It returns the average of a and b , rounded down. So, if a is 5 and b is 8, then the result is 6.

ETA: This method is busted if a and b add up to a negative number, like if both are negative, or if integer overflow occurs.

The >> 1 is a particularly hack-y way of dividing by 2, because it bit-shifts to the right by 1. – Ross Light Sep 23, 2010 at 16:28 @Quartz: Some people do it as a micro-optimisation because they think the compiler can't handle /2 properly. I, of course, disagree. – C. K. Young Sep 23, 2010 at 16:30 Not correct in general case. Since a + b can be negative, the behavior of >> is implementation-defined. – AnT stands with Russia Sep 23, 2010 at 16:31 I always disagree with the optimization with some tricky code. 20% of your code will use almost 80% performance of your systems. It must be the place to be optimized, not these things :) – coolkid Sep 23, 2010 at 16:39

Note, that there can't be any meaningful explanation of what your code means until you explain what a and b are.
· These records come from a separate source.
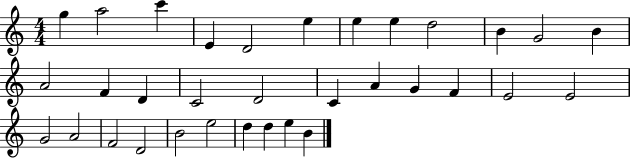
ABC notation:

X:1
T:Untitled
M:4/4
L:1/4
K:C
g a2 c' E D2 e e e d2 B G2 B A2 F D C2 D2 C A G F E2 E2 G2 A2 F2 D2 B2 e2 d d e B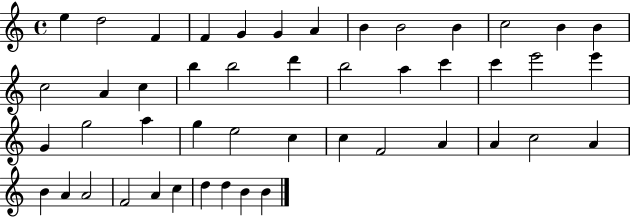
E5/q D5/h F4/q F4/q G4/q G4/q A4/q B4/q B4/h B4/q C5/h B4/q B4/q C5/h A4/q C5/q B5/q B5/h D6/q B5/h A5/q C6/q C6/q E6/h E6/q G4/q G5/h A5/q G5/q E5/h C5/q C5/q F4/h A4/q A4/q C5/h A4/q B4/q A4/q A4/h F4/h A4/q C5/q D5/q D5/q B4/q B4/q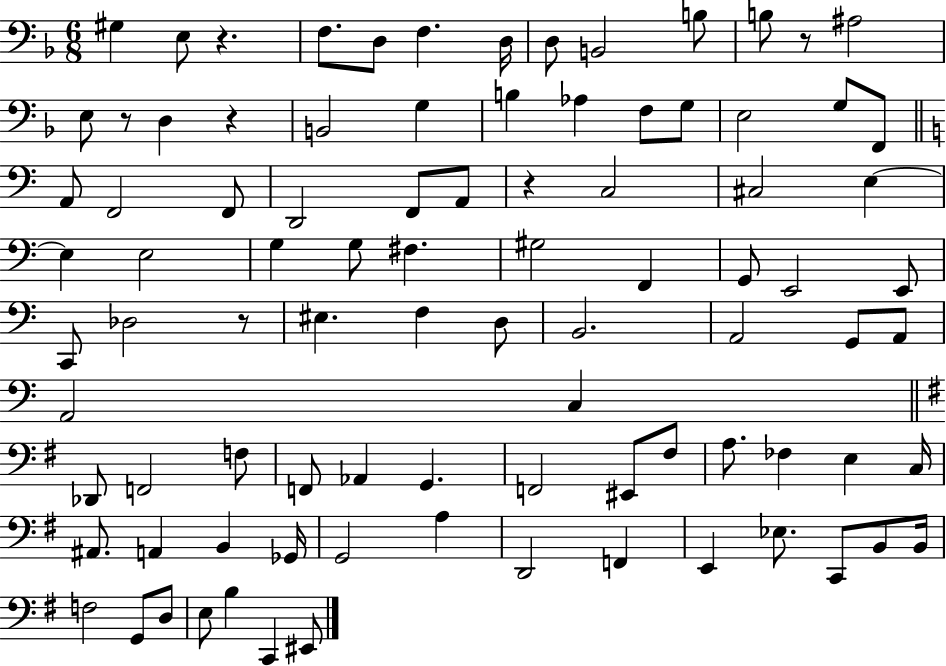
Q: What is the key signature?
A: F major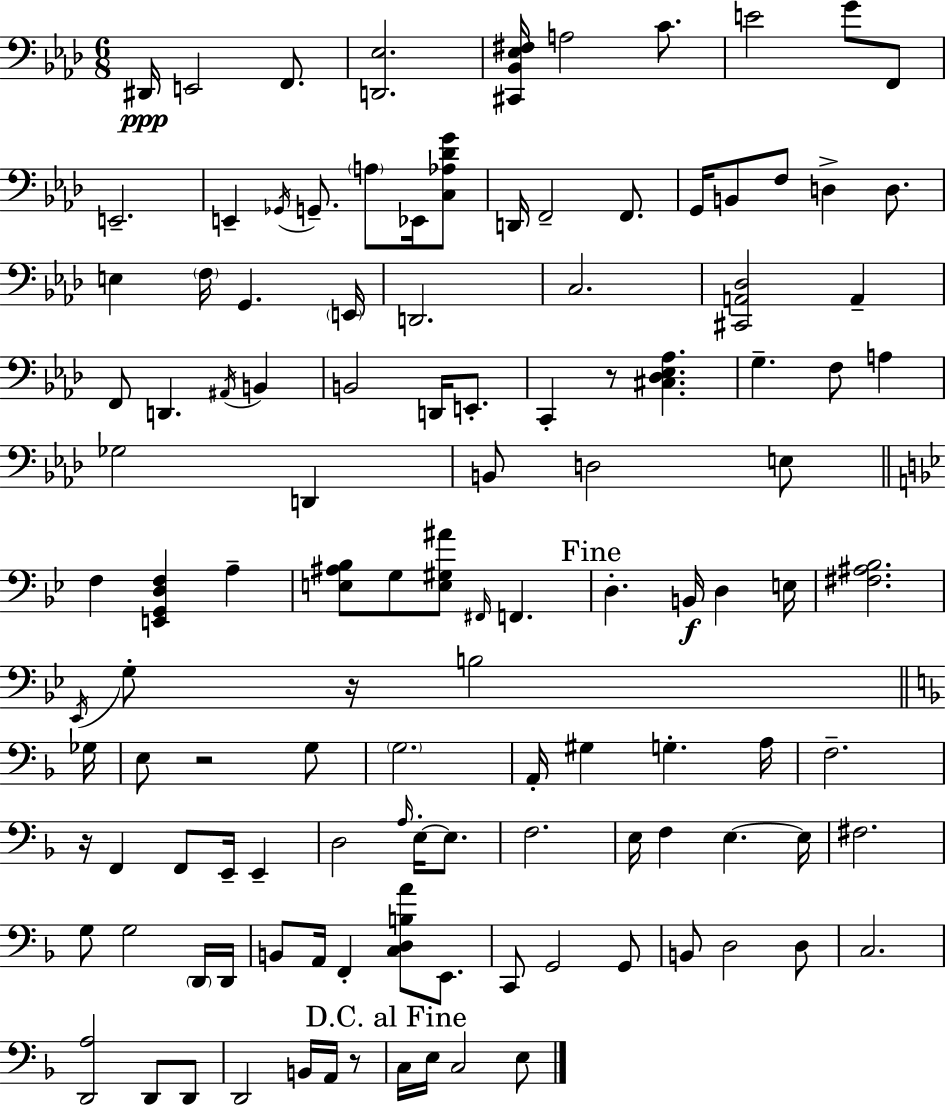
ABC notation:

Even if a and b are of built-in type, beware of the incorrect answers unconditionally claiming that built-in right shift is equivalent to division by 2. The equivalence only holds for non-negative values. The behavior of the >> operator for negative values is implementation-defined.

In other words, without extra information, the only thing that can be said is that the code calculates the "sum" a + b and "shifts" it right by 1 bit. I used quotes in the last sentence because in case of overloaded operators + and >> there's no way to predict what they are doing.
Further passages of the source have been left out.